• _AIM OF THE TASK_: Ignoring pictures, transcribe exactly the lines between the one containing "String en dentelle" and the end of the material, both included.

• _RAW DATA_:

-*-*-

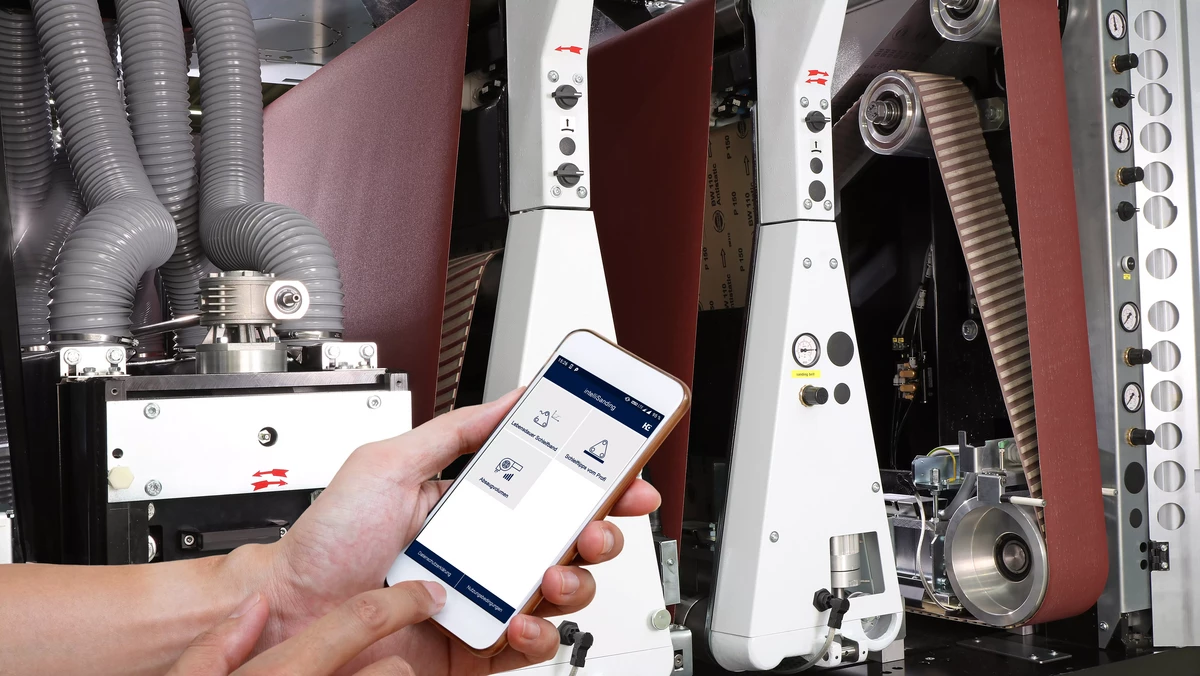 intelliSanding App auf Handy vor Maschine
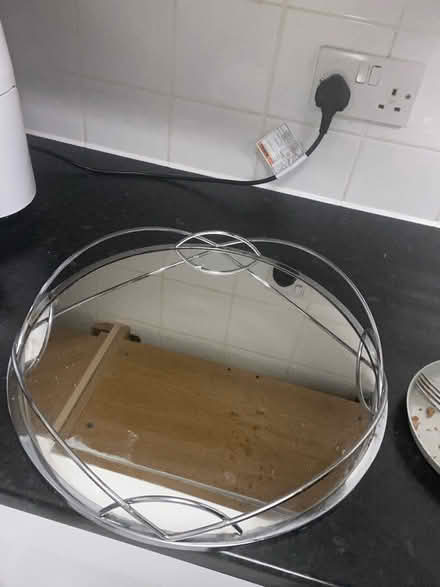 Photo of free Mirrored tray (SE11) #1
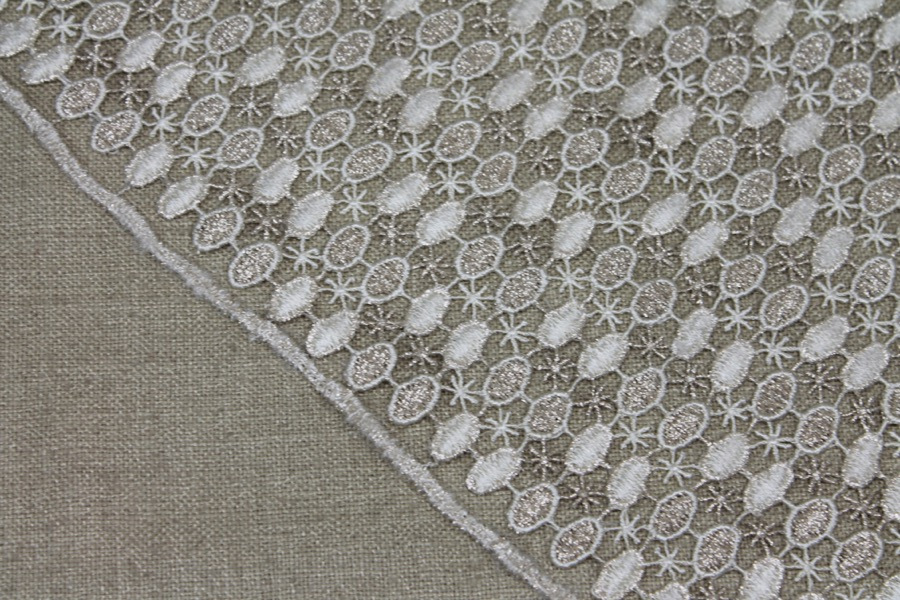 Metallic Guipure Lace - Oval and Star Pattern - Cream / Gold fabric, image 5 of 7
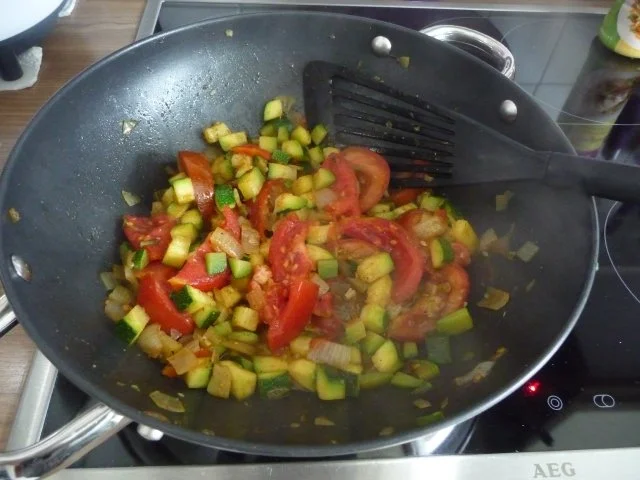 Pasta : ...mit Gemüse-Tomatensoße und Bockwurst - Rezept - Bild Nr. 12
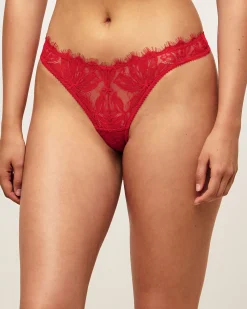String en dentelle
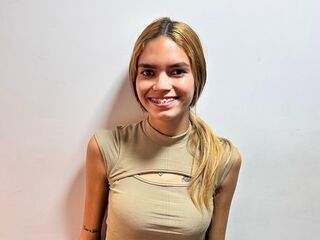 chat room cam KassandraMonroe
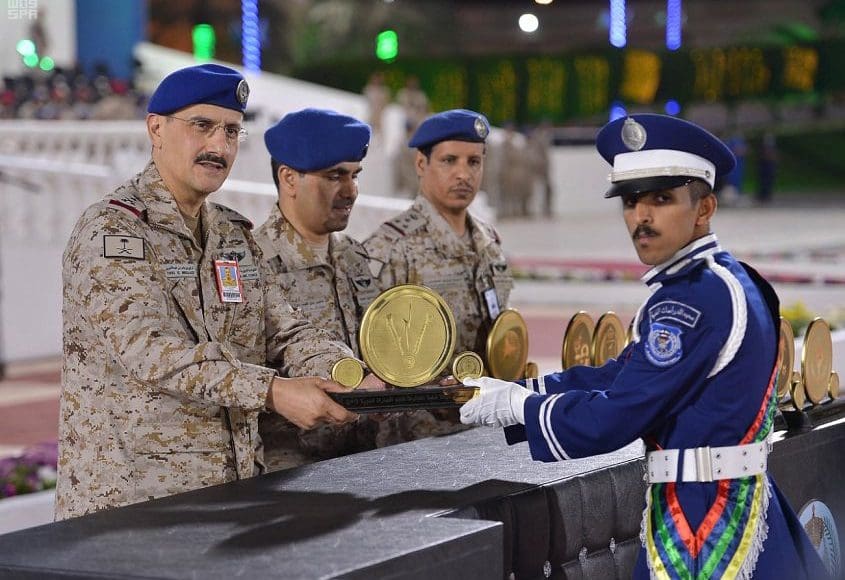 تجربتي مع معهد الدراسات الفنية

-*-*-

• _SOLVED EXERCISE_:
String en dentelle
 chat room cam KassandraMonroe
 تجربتي مع معهد الدراسات الفنية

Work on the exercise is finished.